The bar for winning a championship can often be met with a single jointed arm, and if an arm if the best you can do there’s no reason not to.
Really, if you can do better than an arm but get a week more driver practice with a simpler robot that’s often the better choice, but no bag changes that dynamic a bit.
I think I can argue 330 eventually outgrew the arm, to an extent. 2019 was originally a pretty classic single jointed arm until we realized a glaring strategic flaw that could kill a season if anybody noticed. We had the mechanical ability to run a solid elevator after 2018’s growing pains (and over a decade gap since our pervious elevator), and 2018 only had an arm for specific strategic advantage, so we ran with the elevator design.
The arm started as a bit of an OP crutch, became a powerful tool (see: 2012, 2016), and eventually a back pocket trick. This is also influenced a bit by modern game design, which doesn’t favor arms quite as much as it used to on the more open fields.
Pulls out the 2000, 2001, and 2004 BeachBots… We got away from elevator to arm, and went back again… (Actually, the joke I make about 2004 is that it was the most BeachBot of them all, one blue elevator topped by one yellow arm. Gotta see what I can do with getting it operational once we can get back into the shop.)
The part I always found funny was that our 2005 L.A. Regional winning alliance had three robots that were of the same type: single-joint arm, passive gripper, skid steer–all different robots, though.

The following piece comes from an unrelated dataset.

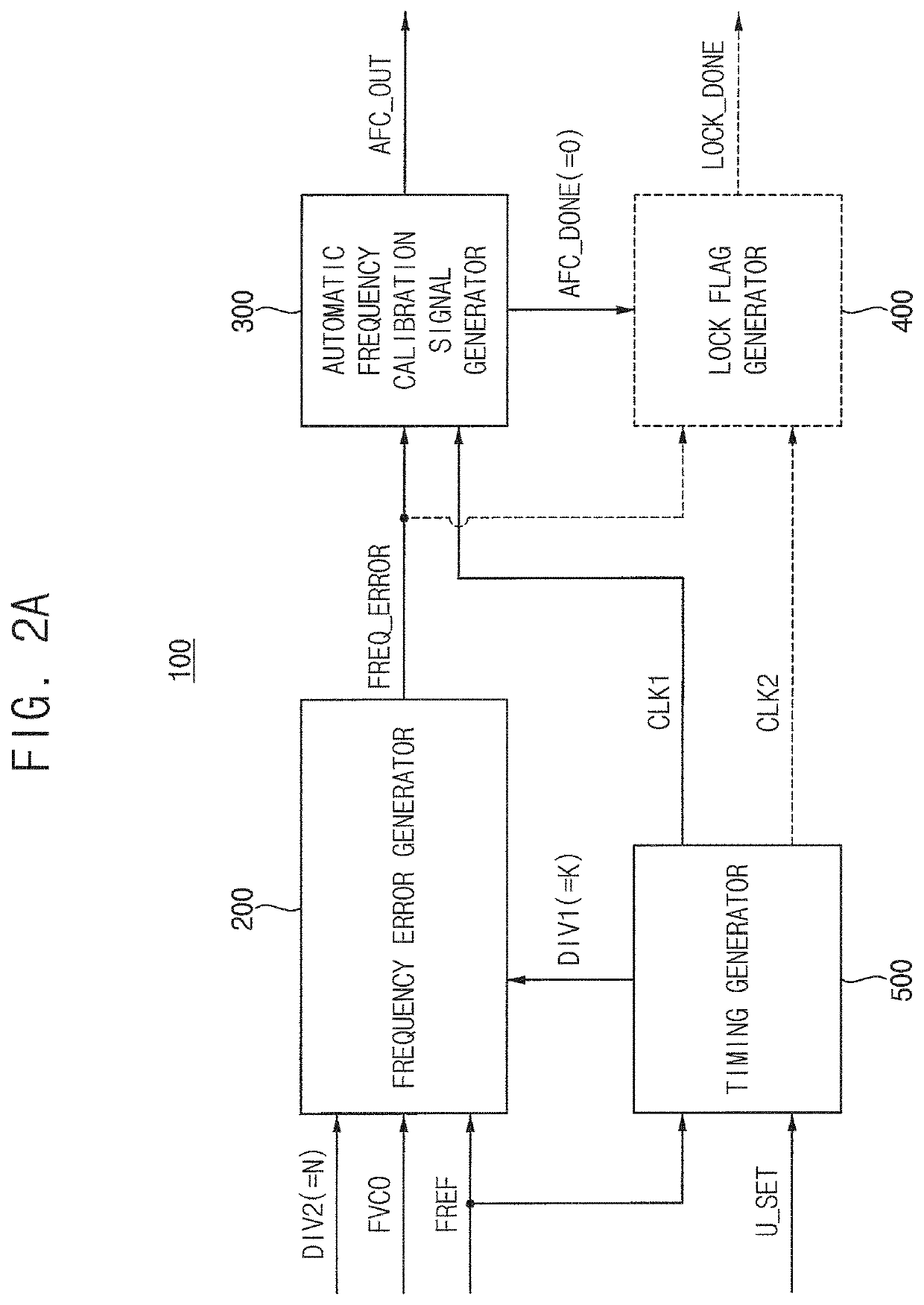 Automatic frequency calibration and lock detection circuit and phase locked loop including the same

@Californiacoach I suggest at least touching on the various controls issues inherent with a multi-joint arm. The most fundamental is this: Every new joint is a minimum of 1 new degree of freedom, which you will have to control in some way to get the most benefit from that extra flexibility. You may be able to link Joint 2 mechanically to Joint 1 (examples from the mechatronics guide include the Double Reverse 4-bar and the Virtual 4-bar), or you may need to use independent actuators to make it work (the most notorious example possibly being the Wildstang Arm from 2007). Independent actuators mean more interesting control systems.
Incidentally… whereabouts in CA are you, if you don’t mind my asking?

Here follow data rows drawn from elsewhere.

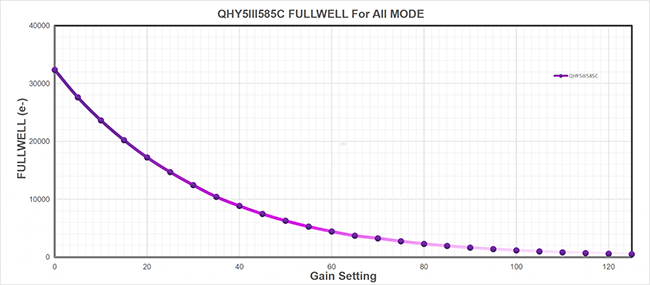 full well585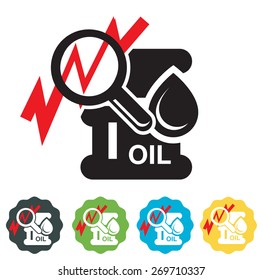 Oil Economics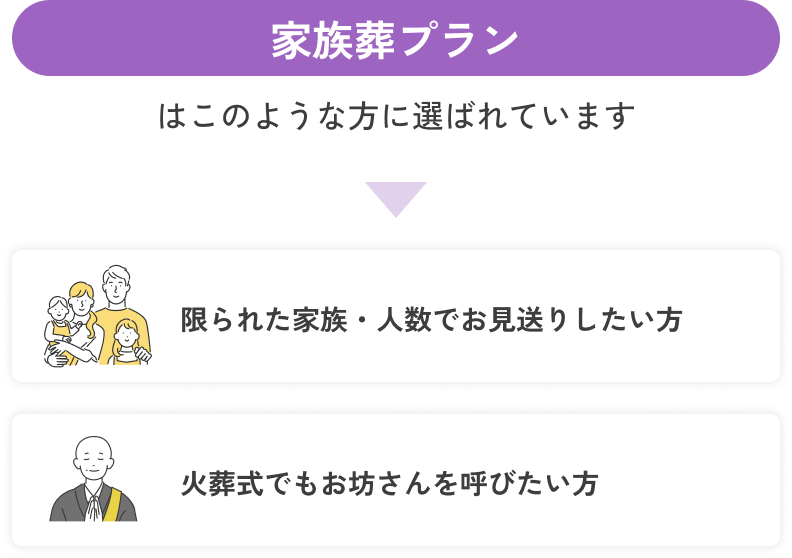 家族葬プラン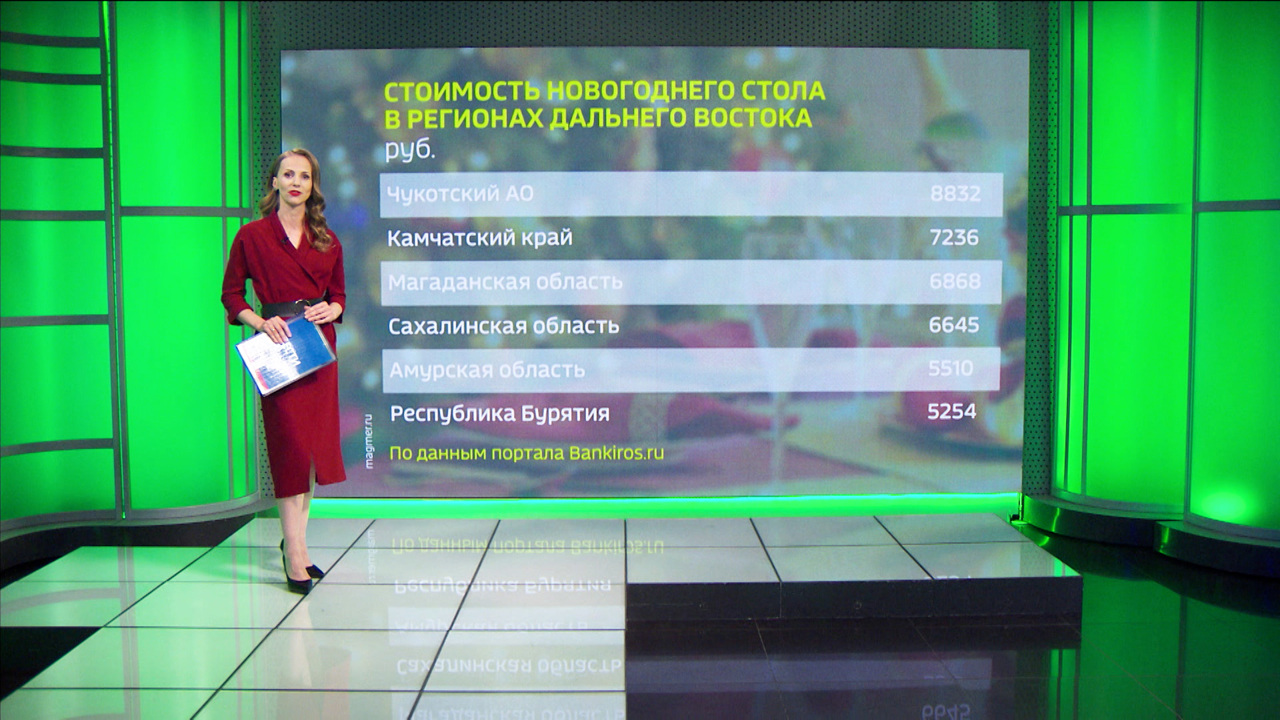 Рекордно низкий уровень безработицы был зафиксирован в 2024-м году в России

I like to use JVN Calculator for calculating arm gear ratios. I like to use 2 motors and keep the arm working current to 5-10% of the motor stall current. This makes controlling the arm with PID extremely forgiving.

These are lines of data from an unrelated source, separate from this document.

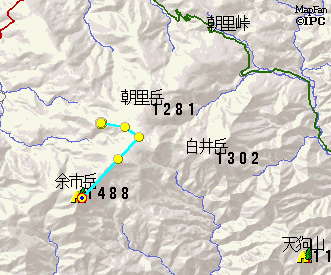routmap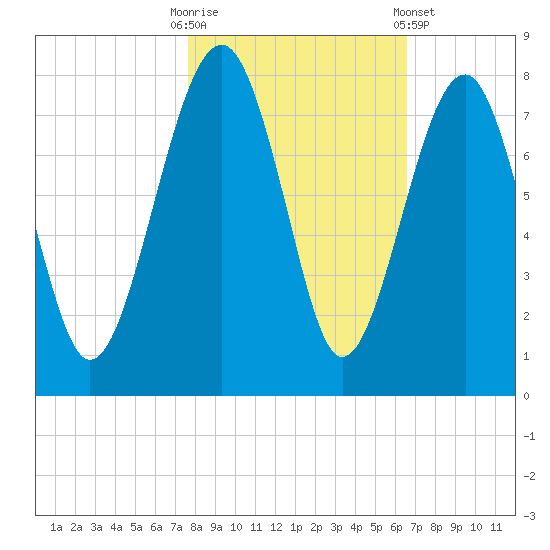 Callawassie Creek tide chart for Thursday, October 31, 2024
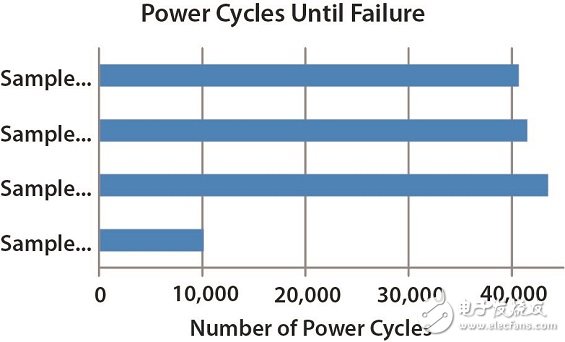 圖8 組件故障所經(jīng)過的功率循環(huán)次數(shù)。 
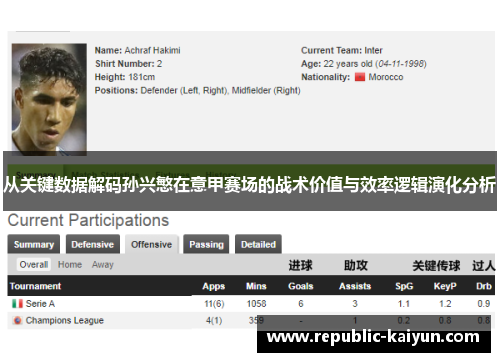 从关键数据解码孙兴慜在意甲赛场的战术价值与效率逻辑演化分析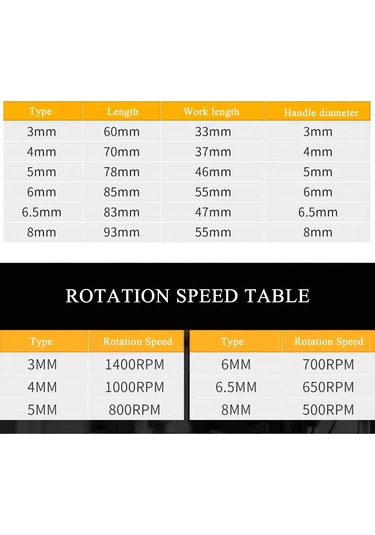 Geeroyoo Hızlı Çelik Titanyum Kaplı 3mm Testere Uçlu Matkap, Ahşap-alüminyum-plastik Delme Ve Yiv Açma İçin, Elektrikli Matkap Uyumlu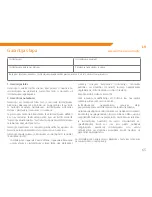 Preview for 65 page of ACME HD220I User Manual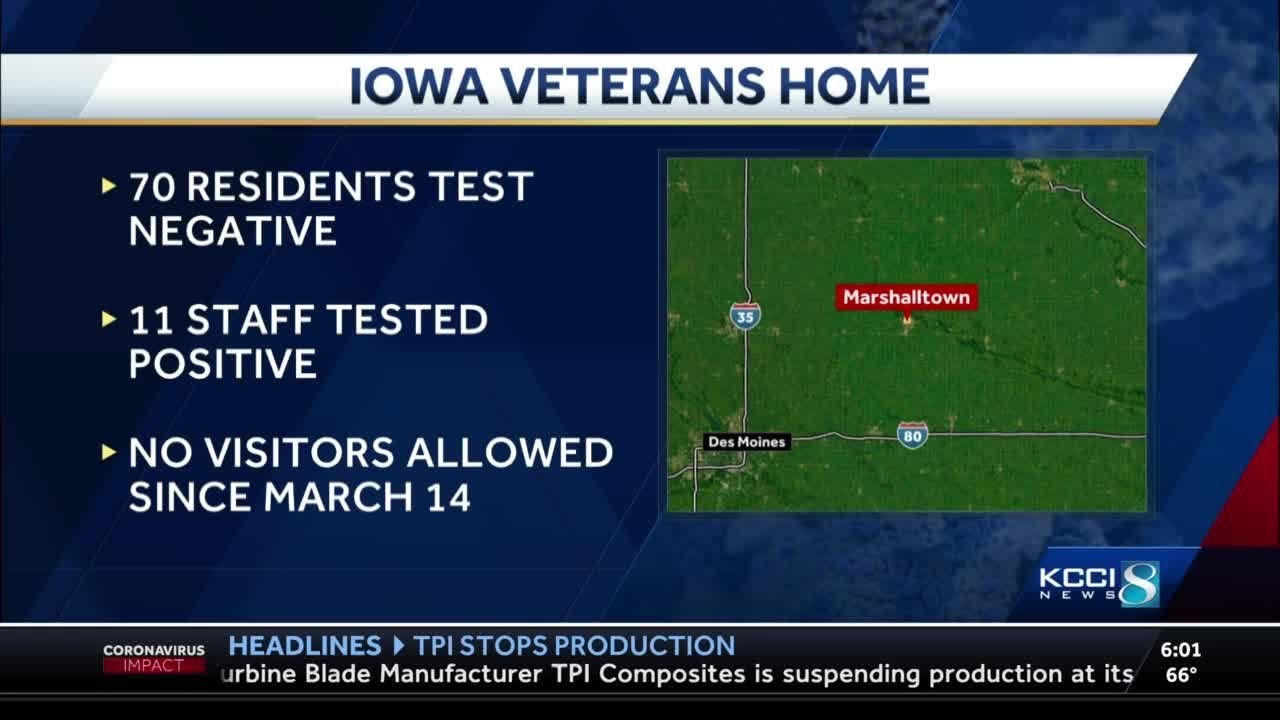 Iowa Veterans home has two new cases YouTube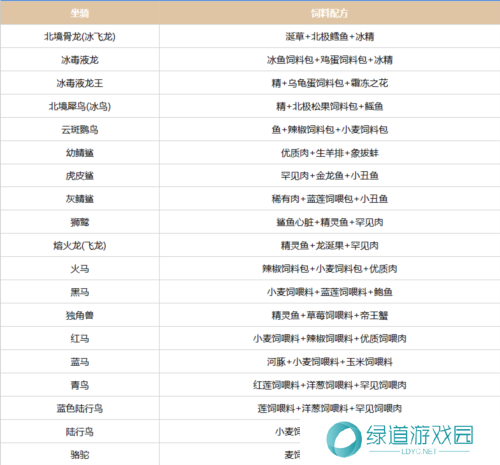 创造吧我们的星球坐骑饲料配方有哪些1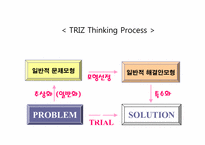 [창업론] TRIZ(창의적 문제 해결 이론)의 이해-9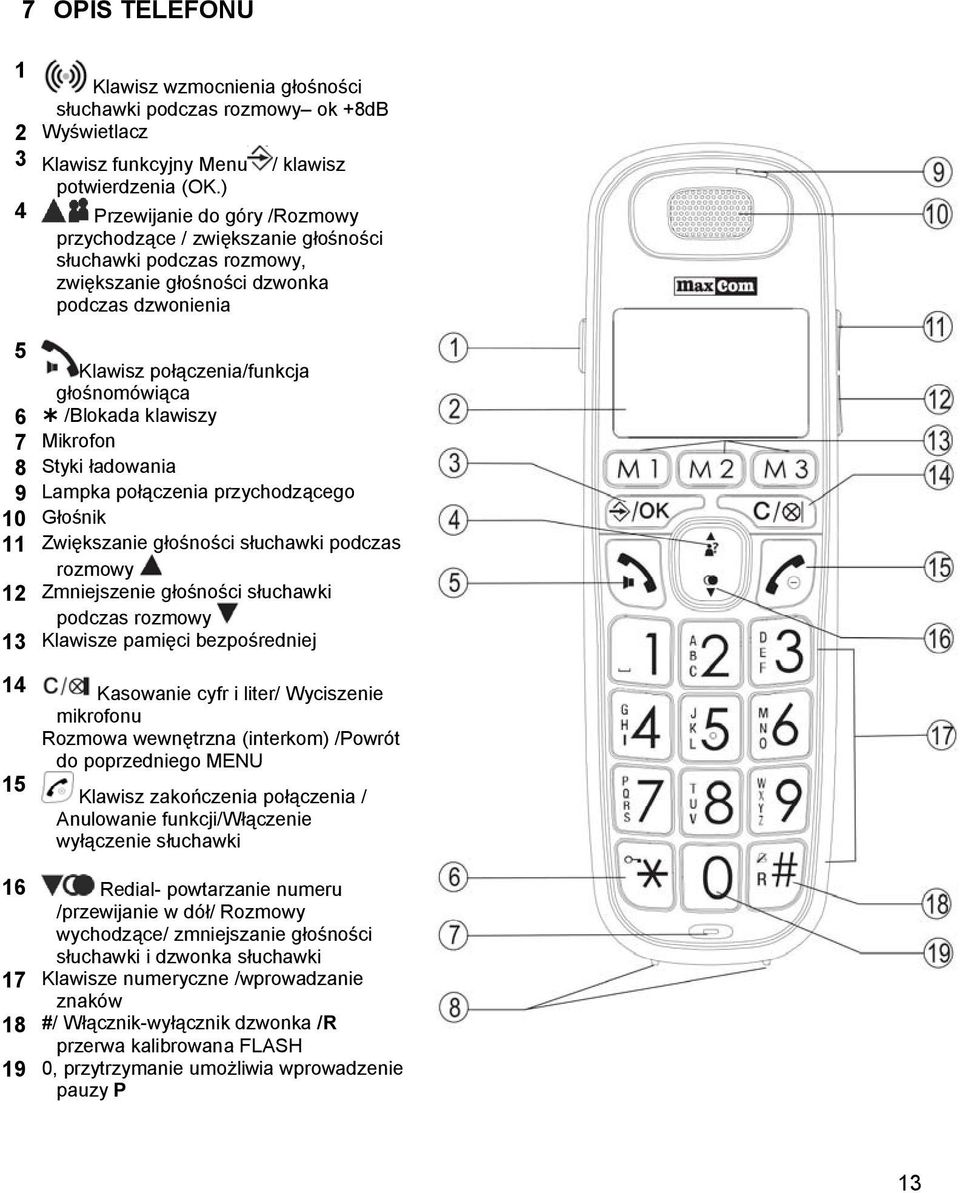 klawiszy 7 Mikrofon 8 Styki ładowania 9 Lampka połączenia przychodzącego 10 Głośnik 11 Zwiększanie głośności słuchawki podczas rozmowy 12 Zmniejszenie głośności słuchawki podczas rozmowy 13 Klawisze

Be sure to mention proper methods of chain tensioning (i.e. inline tensioners). Also, make sure to mention using large bolts near the edge of the sprocket to absorb load and prevent shearing of the #8 or #10 screws that attach your sprocket to the arm. Also, you can use dual chain runs on your final stage to mitigate backlash since while plate sprockets all have the alignment holes in the same spot relative to the teeth, hub sprockets are all aligned differently (as the broaching is a separate option from milling the teeth) and so by having two differently aligned hub sprockets you ensure that one’s teeth are always pressing right up against the face of the pins in the chain.